DATA LISTING:
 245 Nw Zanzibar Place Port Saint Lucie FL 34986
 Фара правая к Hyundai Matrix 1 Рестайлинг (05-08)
* * *
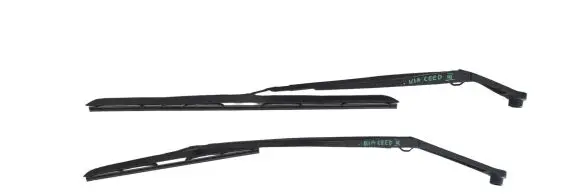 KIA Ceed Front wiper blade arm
---
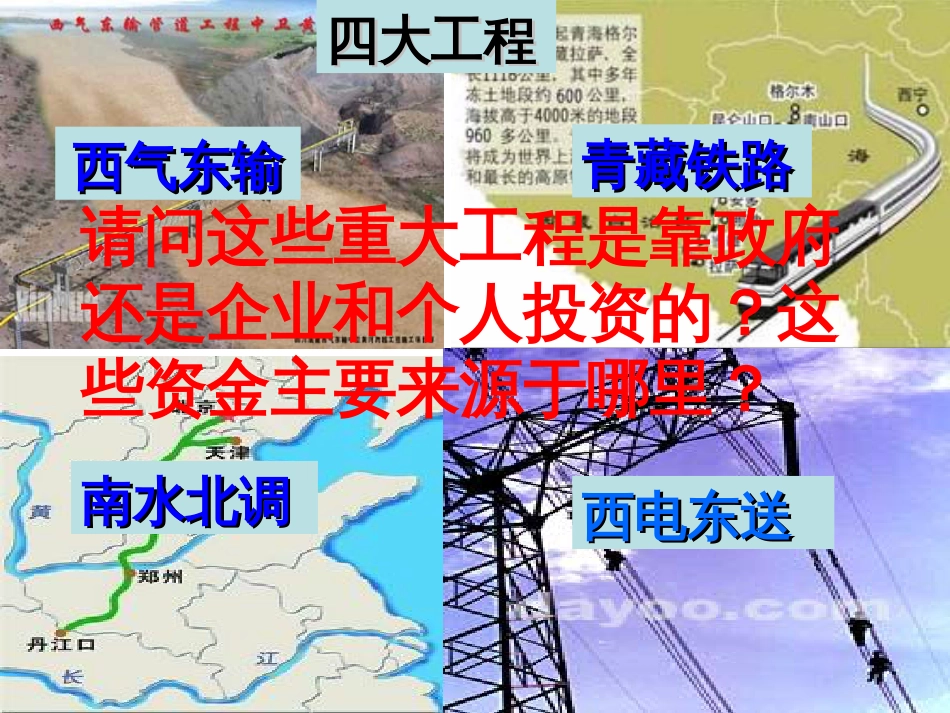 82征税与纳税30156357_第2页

ASSIGNMENT: Please output exactly the lines between the one holding "245 Nw Zanzibar" and the one holding "Фара правая к" in the records above, inclusive, and nothing more.

OUTPUT OF THE TASK:
 245 Nw Zanzibar Place Port Saint Lucie FL 34986
 Фара правая к Hyundai Matrix 1 Рестайлинг (05-08)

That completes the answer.